INFOGRAPHIC: How It Works ​​

CIP Process Infographic.jpg  




Projects are nominated by the community at large. Projects must fall under the authority of the Fairbanks North Star Borough and must be nominated by a Borough resident. Nominations will be accepted from August 12 through October 11. Download the form HERE

Evaluations & Resolution
Once the nomination process has been closed, all projects will be sorted for duplication and feasibility by the administration. A proposed list of project scopes will then be presented to the Assembly for public hearing, review, and adoption. (All nomination packets received will be provided to the Assembly)

Once the Assembly has approved the projects, they will be scored and ranked by a technical scoring team. Nomination packets will be used to help the technical team score the projects. Scoring will analyze the current conditions of a facility and future use, and will help the administration prioritize projects.

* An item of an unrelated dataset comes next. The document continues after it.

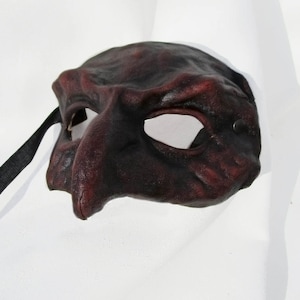 Könnte beinhalten: Eine dunkelbraune Leder-Maskenballmaske mit einer langen, spitzen Nase und einem einzigen Augenloch. Die Maske hat ein schwarzes Lederband.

Project Placement & Plan Adoption
While the scoring process will be used to prioritize projects, it will be up to the administration to appropriately place them into the CIP to ensure funding is available and to weigh the overall needs of the community. The completed CIP will be presented to the Assembly for public hearing, review, and adoption.

Biennial Update
Every two years, the CIP will be re-opened for project nominations using the nomination process. During the update, projects can be re-prioritized, added, or removed.

Completed Projects
When projects are completed, they are removed from the CIP.

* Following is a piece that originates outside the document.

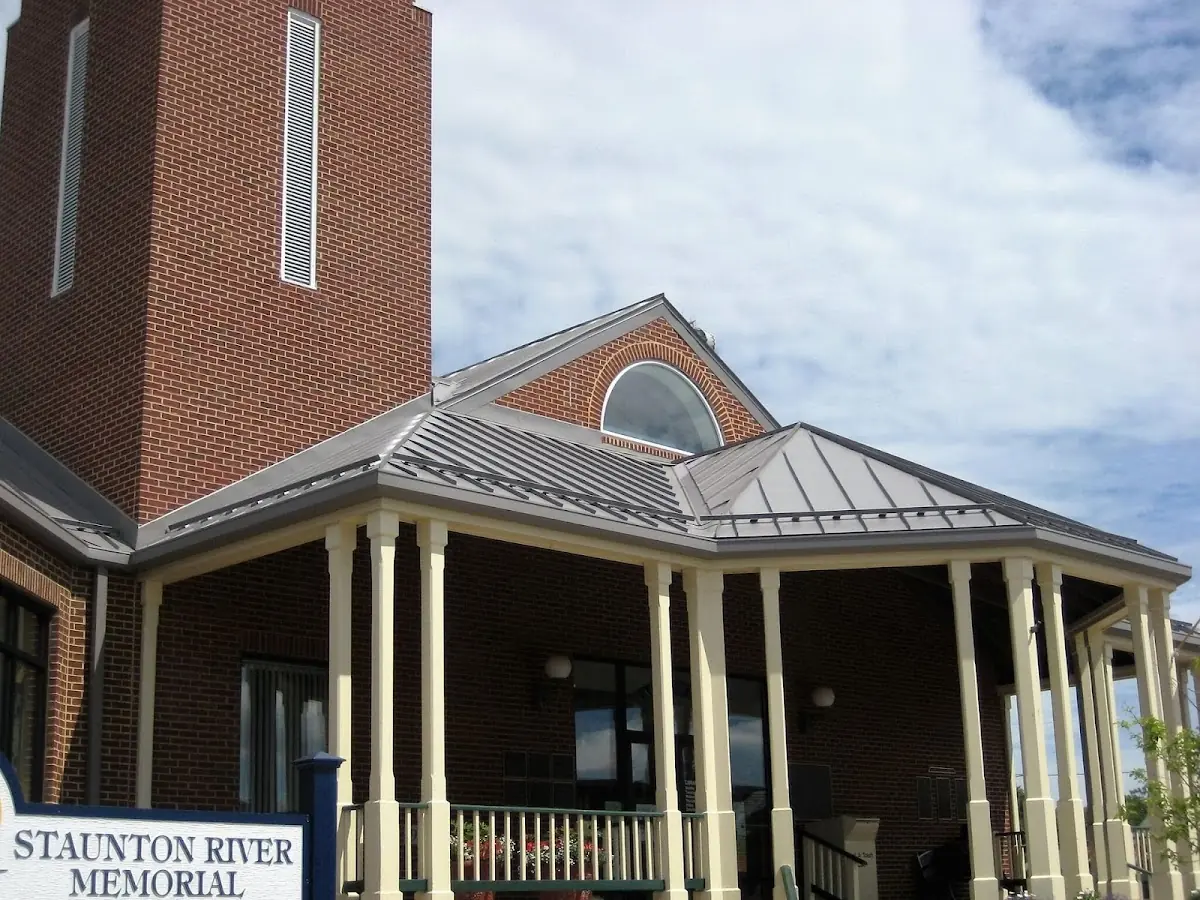 Skilled roofing craftsmen working on a residential roof in Biloxi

What defines a capital improvement project? What is a "facility"? What types of projects are considered for the process?
Projects can include upgrades and major maintenance to existing buildings, or creating new building or facilities. Parks, schools, recreational facilities, general government, libraries, trails, animal control, and transit: all are types of capital improvement projects.


How are projects funded?
Projects can be funded through several means. The Facilities Maintenance Reserve Fund is expected to be the primary source for local funding. Bonding and grants may also be proposed as a mechanism for funding projects.


How are projects scored? Will the score sheet be made public?
Projects will be scored using the nomination forms. The questions used to score projects are the same questions asked in the nomination form. Generally speaking, the nomination form questions are ordered from highest-weighed to lowest-weighed.

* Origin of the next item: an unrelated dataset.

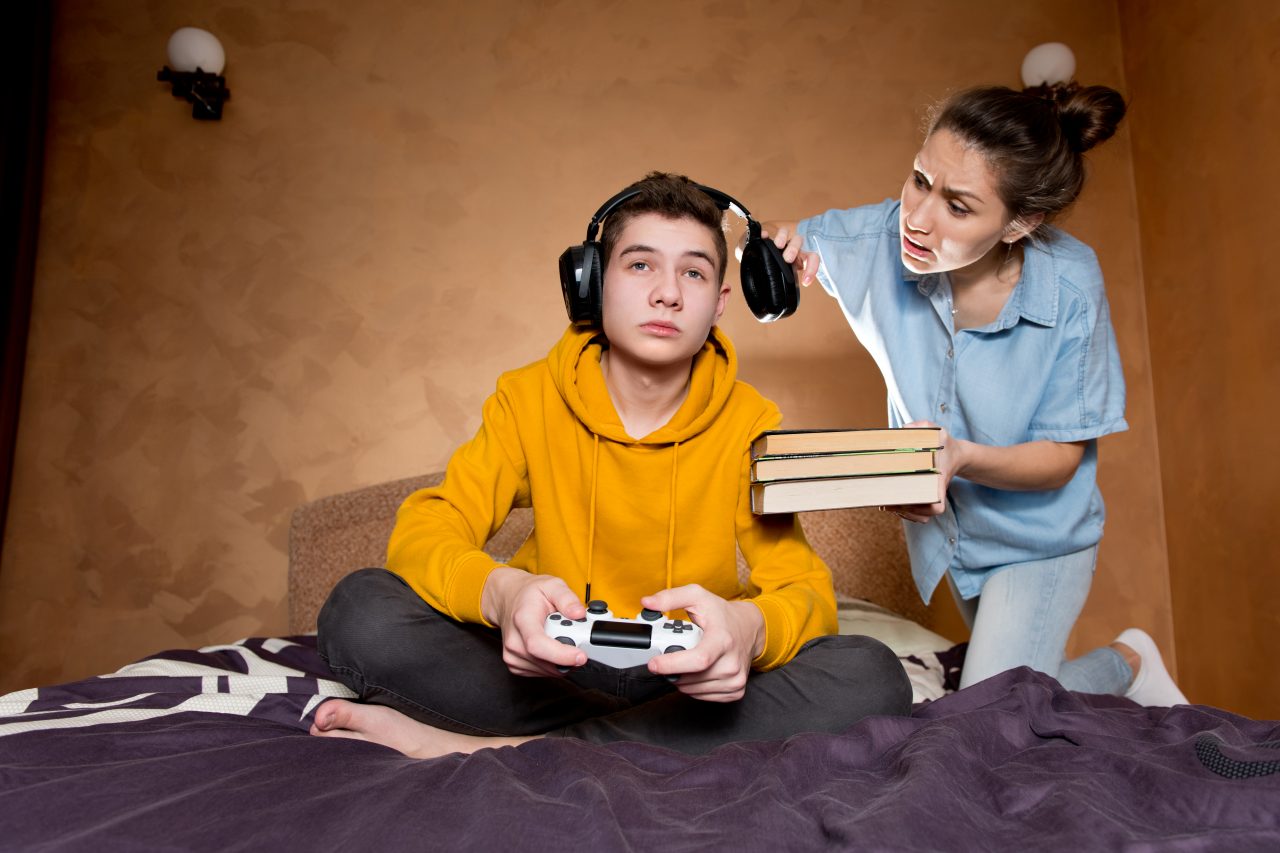 En gutt sitter å gamer i sengen sin. Storesøsteren hans står bak han å prøver å få kontakt med han, fordi han må gjøre leksene sine.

Does project cost/estimate weigh into the scoring?
No, the cost of the project is not weighed.


Does the amount of times a project is nominated help it get moved to the top of the list?
No, the amount of times a project is nominated does not help it in the scoring process. Only one nomination for the same project is needed. (Additional support should be demonstrated in question #24 of the nomination form.)


Who will be on the scoring committee?
Engineering, public works, and department-related staff will all be on the scoring committee. We also have room for one member of the public with vertical building analysis or work-related skills.

What is the estimated timeline of the different stages in the cycle?
The nomination period closes on October 11th. Nominations will be evaluated and recommendations will go to the Assembly in the form of a resolution around January 2020. Once projects have been approved by the Assembly, they will be scored by a technical scoring committee. The administration will use the technical scores to help prioritize the proejcts and place them into the plan. The completed 10-year plan will be presented to the Assembly around April 2020.


Will you consider partnerships with other institutions like the University or hospital?
We are always looking for innovative ideas!


Will you consider green field development for new facilities, or do we need to find existing properties to house facilities?
If a new facility is put into the plan, the siting of the facility will be part of the design process. Ideas for locations of new facilities are always welcome.


Are the utility, operations, and maintenance expenses for existing facilities available to the public (in order to answer questions #17, #18, and #22)?
Generally speaking, yes. When completing the form, please keep in mind that the actual costs are not required. Staff can help fill these in during the evaluation phase.